> [Aim of the task]: When you reach the line below that has "Selecting Text: you", start returning lines exactly, and stop after the line that has "How about 5?"; skip the pictures.

> [Records supplied]:

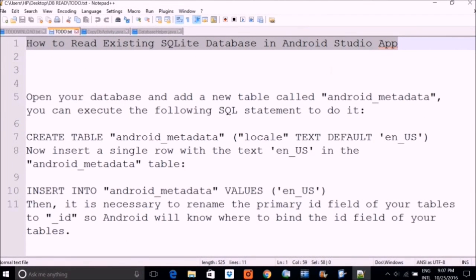We are going to see how we can read an existing SQLite database in an Android Studio app. Most people on the internet have shown how to make a database on your device and then insert, save, or manipulate data. But today, what we will do is actually make a database in SQLite Browser first and then use it in our app.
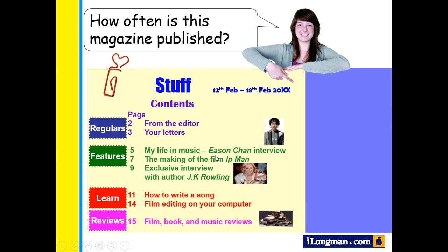Next question: how often is this magazine published? We can see a date range of seven days here — from the 12th to the 18th of February, that's seven days. So this is a weekly magazine.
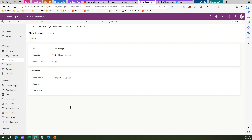That's it folks — this is all about redirecting your log-off page to an internal page. You can use snippets, you can use site markers, or you can use a hard-coded URL. Thanks for watching.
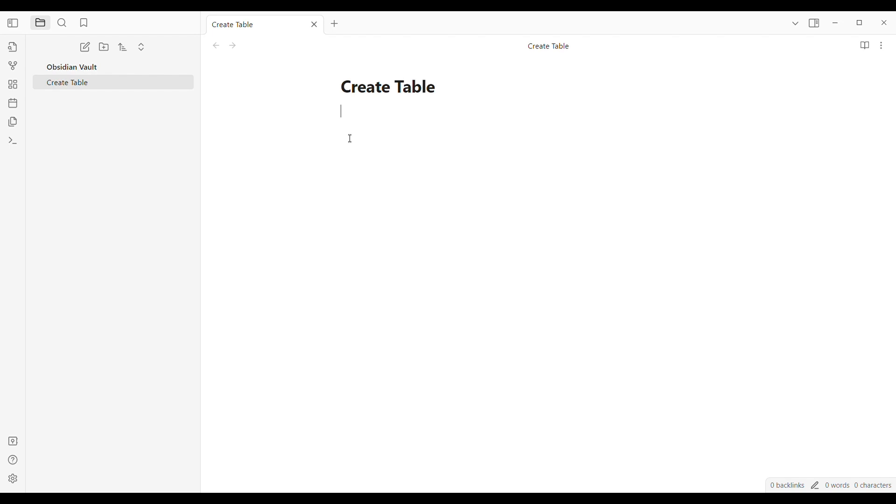Once you're done downloading it, you can go ahead and open the application and you will be directed into this home page. As of right now it is still a blank canvas, but as we go on to this video we're going to find out how to create a table here in Obsidian.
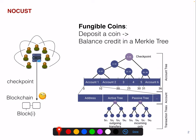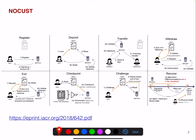NoCast also specifies a way of performing so-called passive payments where the recipient is offline, which is an interesting feature. If you want the full details, I recommend looking into the paper. You have a register process that's off-chain, so you have a user registering with an operator. Then you can deposit and transfer.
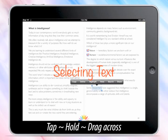Selecting Text: you can select text in order to copy, define, highlight, note, search, or share.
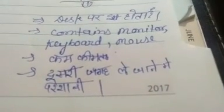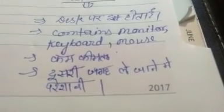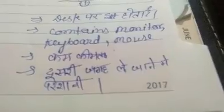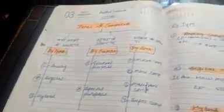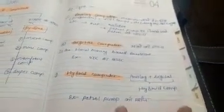This is all about the classification of a computer. If you have any problem regarding this, you can ask me — I am available. Thank you.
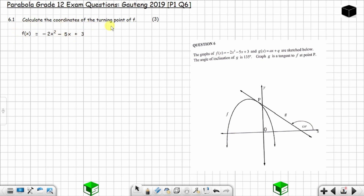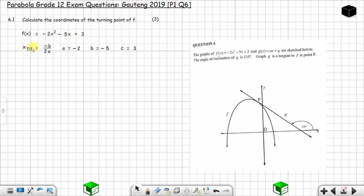Alternatively, you can use the formula: x-coordinate of the turning point = -b / 2a. Here a = -2, b = -5, and c = 3. So the x-coordinate = -(-5) / (2 × -2) = 5 / -4 = -5/4. So -5/4 is the x-coordinate of the turning point.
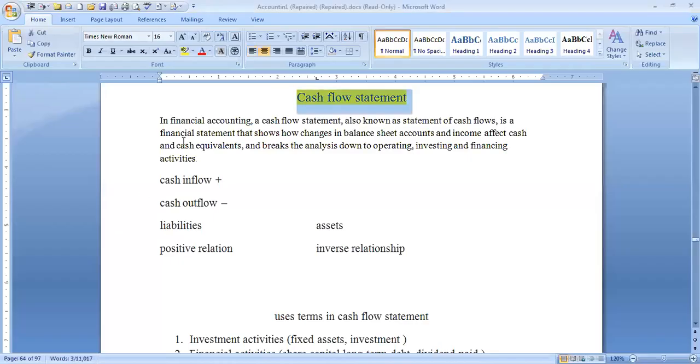What is the meaning of a cash flow statement? A cash flow statement means what happens to cash flow.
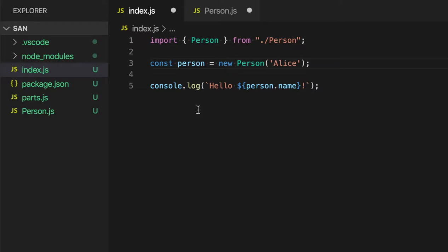So that is Move to New File for a class, but Move to New File also works for constants, functions, and if you're using TypeScript, interfaces, and types as well.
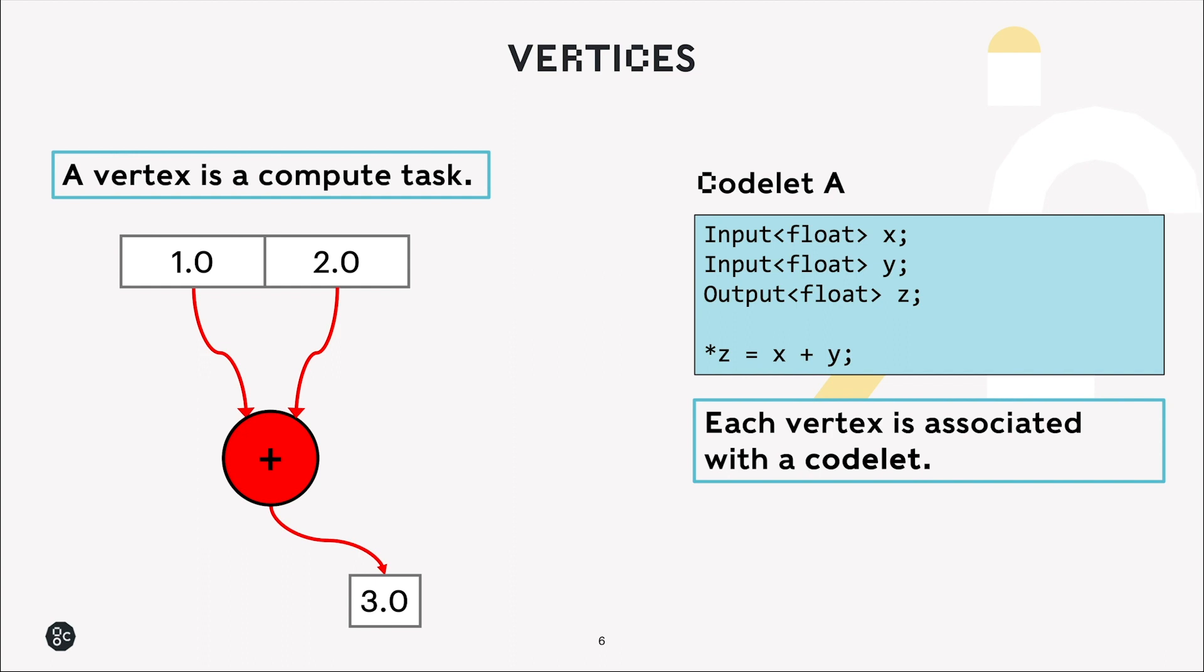That's shown on the right, where we take two inputs, both floating point, x and y, and our output, z, also a floating point number, is just the sum of x and y. So each vertex is associated with a codelet like this.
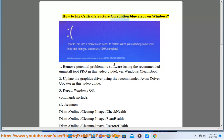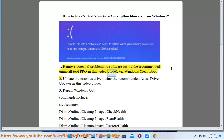How to Fix Critical Structure Corruption Blue Error on Windows. Step 1: Remove Potential Problematic Software using the recommended Uninstall Tool Pro shown in this video guide, via Windows Clean Boot.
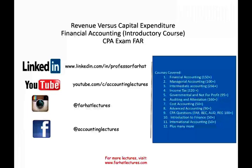Hello and welcome to this session. This is Professor Farhat. In this session we're going to look at revenue versus capital expenditure. This topic is pretty challenging in the real world and not a clear-cut answer for it. For us today we'll try to simplify matters. This topic is covered in the introductory accounting course, the CPA exam, the FAR section.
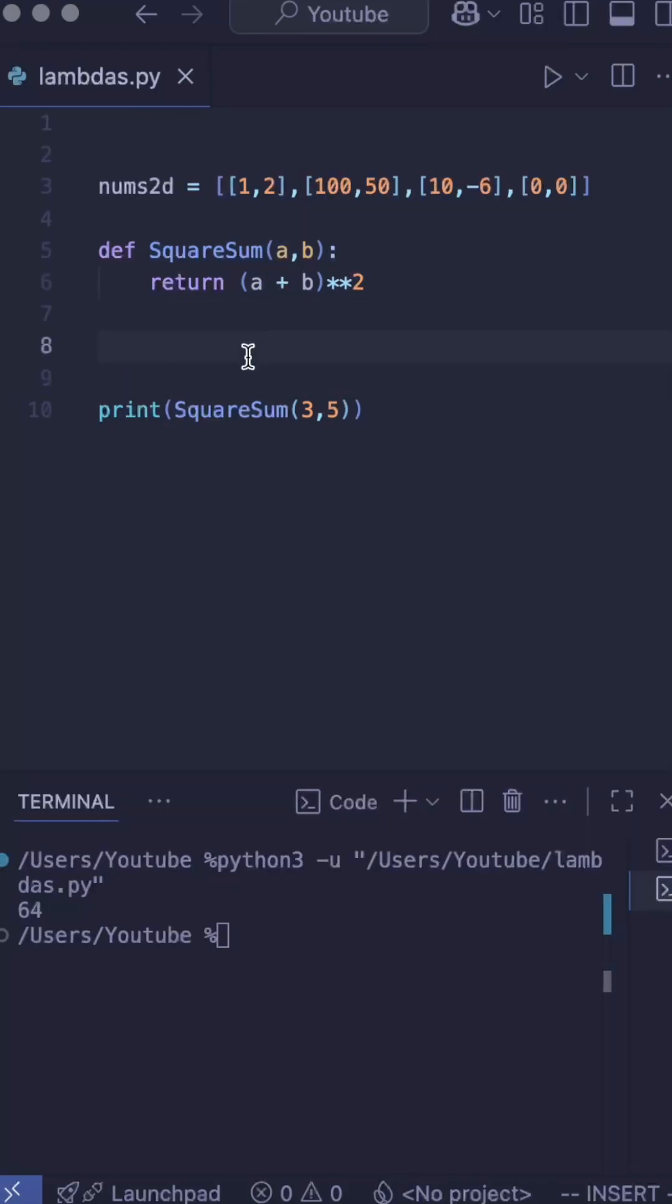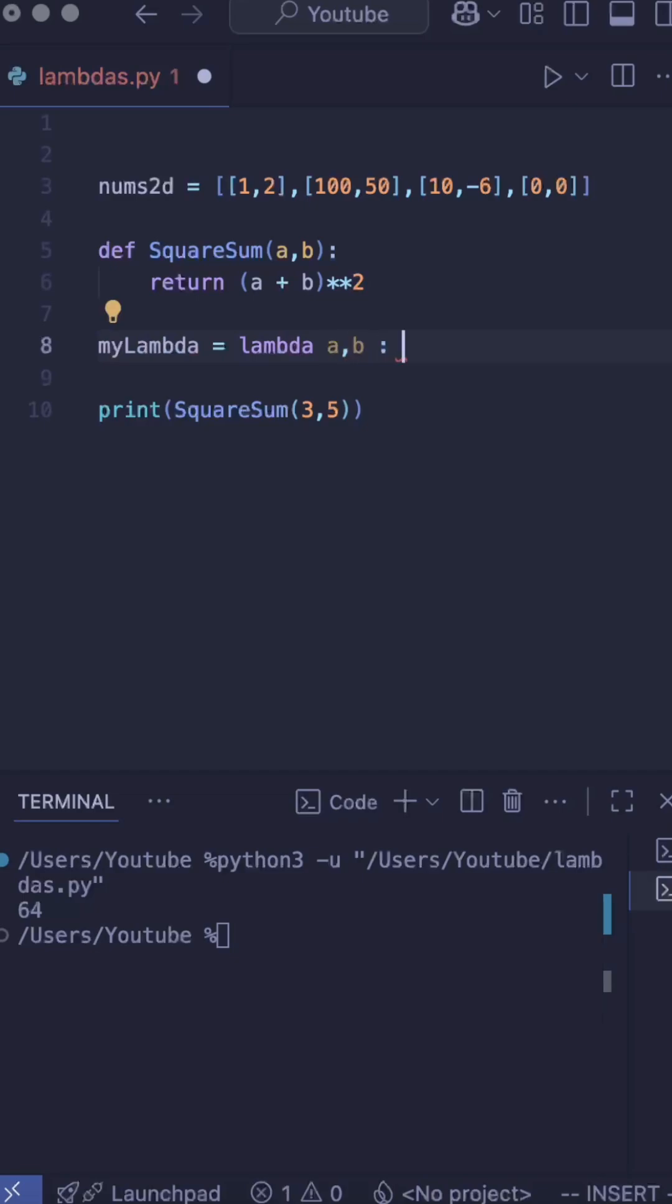Now with lambdas, I can redefine this function in a single line by saying my lambda equals lambda a, b: a plus b squared.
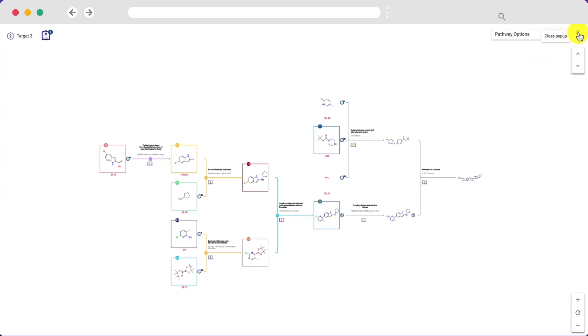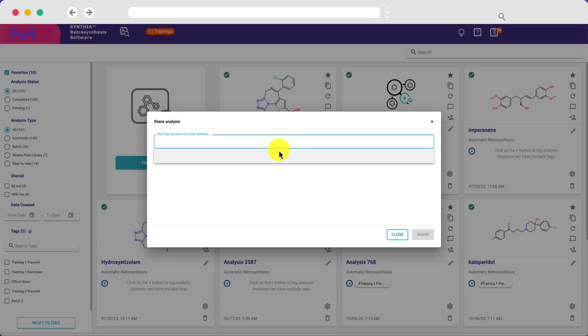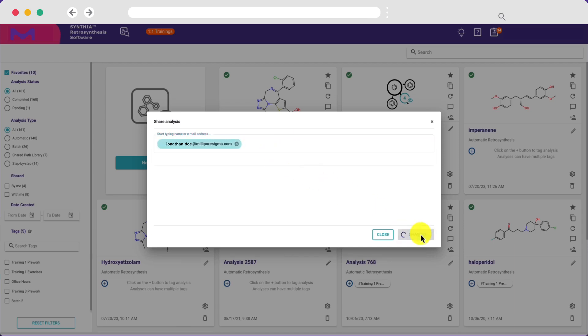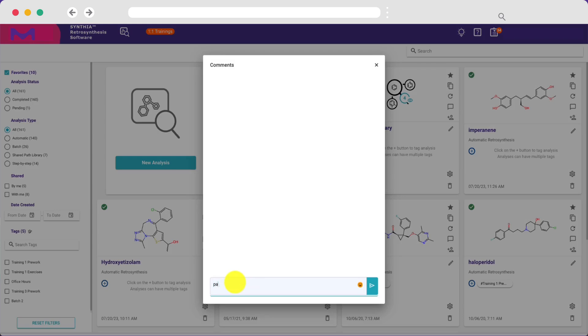Finally, you can easily collaborate with colleagues by sharing a search directly in Cynthia and using the comment box to discuss the results.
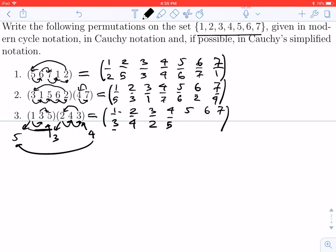How about 5? Well, 5 only shows up in the leftmost one — that goes back to 1. How about 6? 6 doesn't appear anywhere, and neither does 7 for that matter, so they just get mapped to themselves.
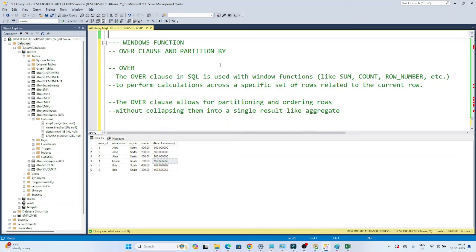Hello everyone. We have already covered the SQL basic part, now we will learn about the SQL advanced part. We are starting with the windows function. A windows function is one of the most important topics and also one of the most important interview questions. We should know about the windows function and how to use it in SQL.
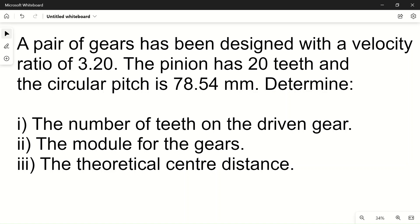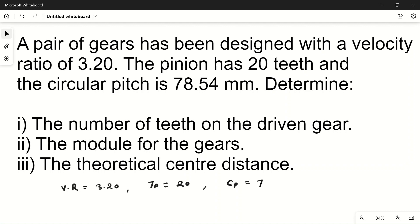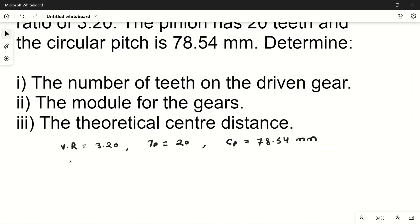Welcome to my YouTube channel Mac PM. In today's video we will solve a simple problem based on gears. The pair of gears has been designed with a velocity ratio of 3.20. The pinion has 20 teeth, so Tp = 20, and the circular pitch is 78.54 mm. We have to find the number of teeth on the gear (Tg), the module, and the theoretical center distance.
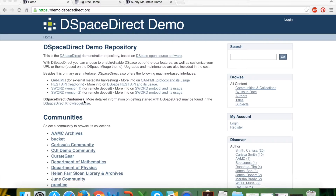Hello and welcome to this DSpaceDirect demonstration. I'm going to jump right into this demo DSpaceDirect repository. First, I'll point out that I am accessing this account as an anonymous web browser — I am not logged into the system.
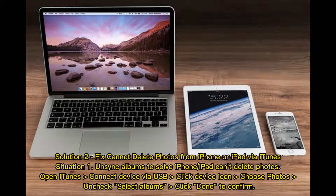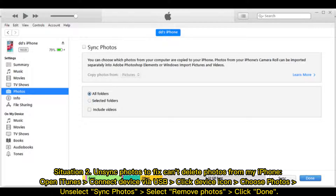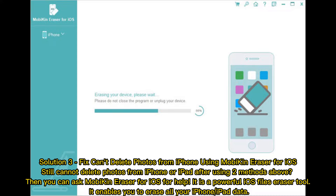Situation 2 — unsync photos to fix can't delete photos from iPhone. Open iTunes and connect your device via USB. Click the device icon, choose Photos, unselect sync photos, select Remove Photos, then click Done.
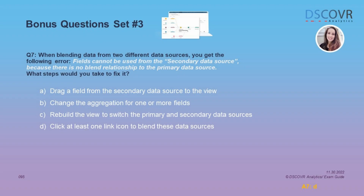Let's say you're blending two different data sources together and you get the following error: 'Fields cannot be used from the secondary data source because there is no blend relationship to the primary data source.' What steps would you take to fix it? This message usually means that you forgot to specify your linking fields, so the answer in this case is D.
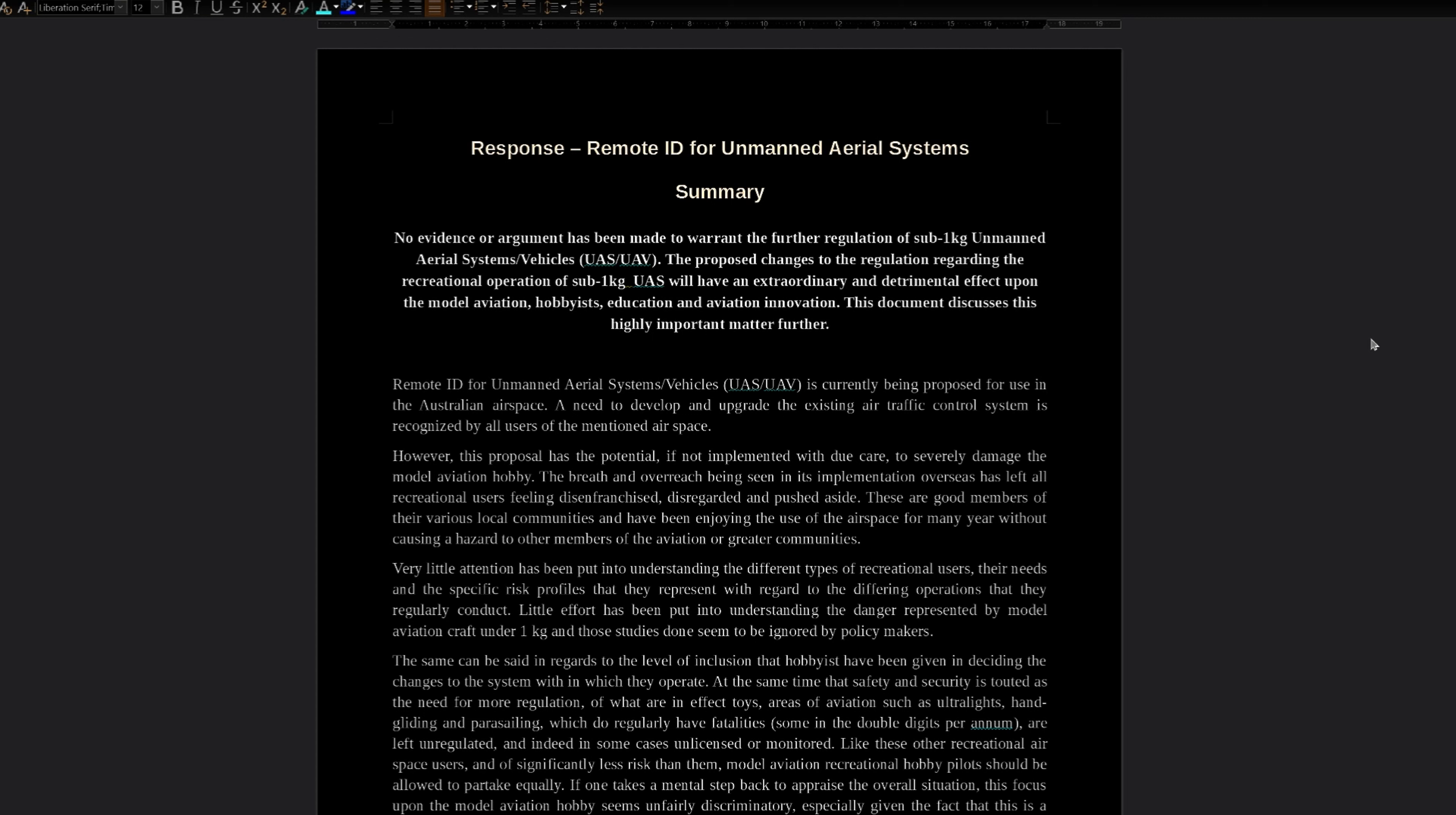Very little attention has been put into understanding the different types of recreational users, their needs and the specific risk profiles that they represent with regard to the differing operations that they regularly conduct. Little effort has been put into understanding the dangers represented by model aviation craft under one kilogram and those studies done seem to have been ignored by policy makers.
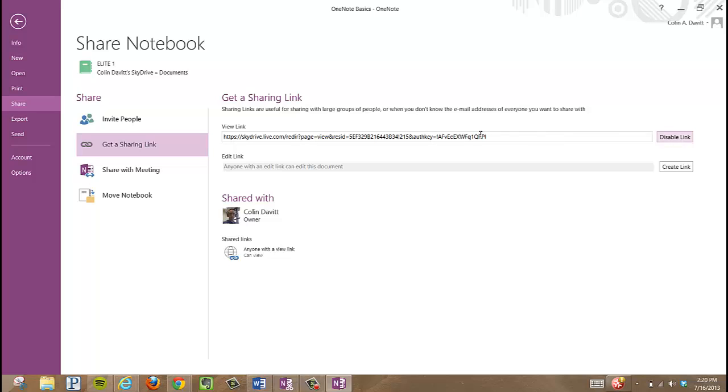Now this is the link that I would embed either in my website, email it to some parents, put it in my Moodle course or my Facebook page. Anybody with this link can view the Notebook. They're not going to be able to edit it.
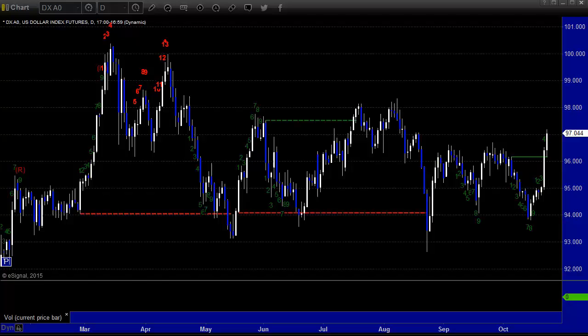Hello, this is the TradeSite Forex Market Preview and International Economic Data Roadmap for the week beginning Sunday, October 25, 2015 and ending Friday the 30th. This will wrap up the month of October.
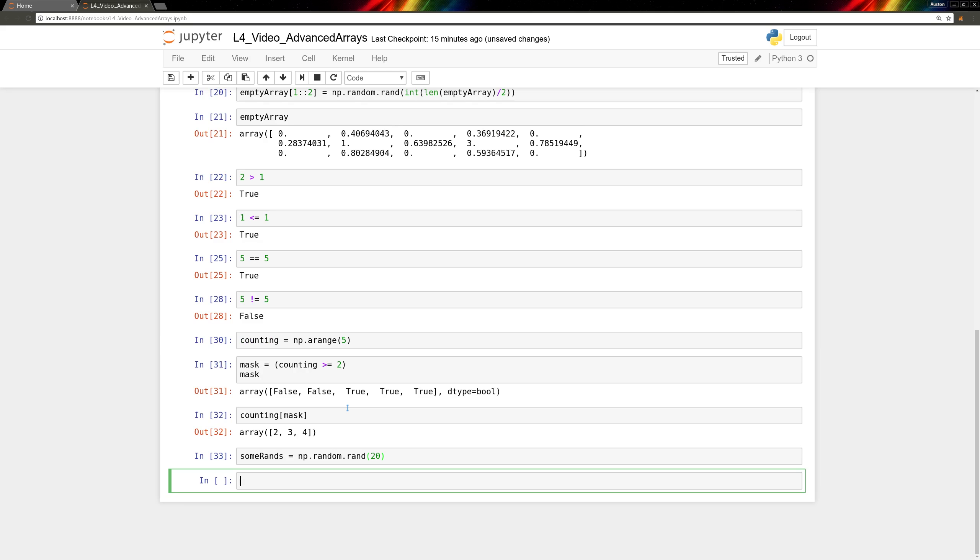So we'll take sumRands, and then put a mask in as an index, where the mask is sumRands greater than 0.8. And for the values that are greater than 0.8, we'll square them.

> [Final answer]:
Selecting Text: you can select text in order to copy, define, highlight, note, search, or share.
This is all about the classification of a computer. If you have any problem regarding this, you can ask me — I am available. Thank you.
Alternatively, you can use the formula: x-coordinate of the turning point = -b / 2a. Here a = -2, b = -5, and c = 3. So the x-coordinate = -(-5) / (2 × -2) = 5 / -4 = -5/4. So -5/4 is the x-coordinate of the turning point.
What is the meaning of a cash flow statement? A cash flow statement means what happens to cash flow.
So that is Move to New File for a class, but Move to New File also works for constants, functions, and if you're using TypeScript, interfaces, and types as well.
That's shown on the right, where we take two inputs, both floating point, x and y, and our output, z, also a floating point number, is just the sum of x and y. So each vertex is associated with a codelet like this.
How to Fix Critical Structure Corruption Blue Error on Windows. Step 1: Remove Potential Problematic Software using the recommended Uninstall Tool Pro shown in this video guide, via Windows Clean Boot.
Hello and welcome to this session. This is Professor Farhat. In this session we're going to look at revenue versus capital expenditure. This topic is pretty challenging in the real world and not a clear-cut answer for it. For us today we'll try to simplify matters. This topic is covered in the introductory accounting course, the CPA exam, the FAR section.
Now with lambdas, I can redefine this function in a single line by saying my lambda equals lambda a, b: a plus b squared.
Finally, you can easily collaborate with colleagues by sharing a search directly in Cynthia and using the comment box to discuss the results.
How about 5? Well, 5 only shows up in the leftmost one — that goes back to 1. How about 6? 6 doesn't appear anywhere, and neither does 7 for that matter, so they just get mapped to themselves.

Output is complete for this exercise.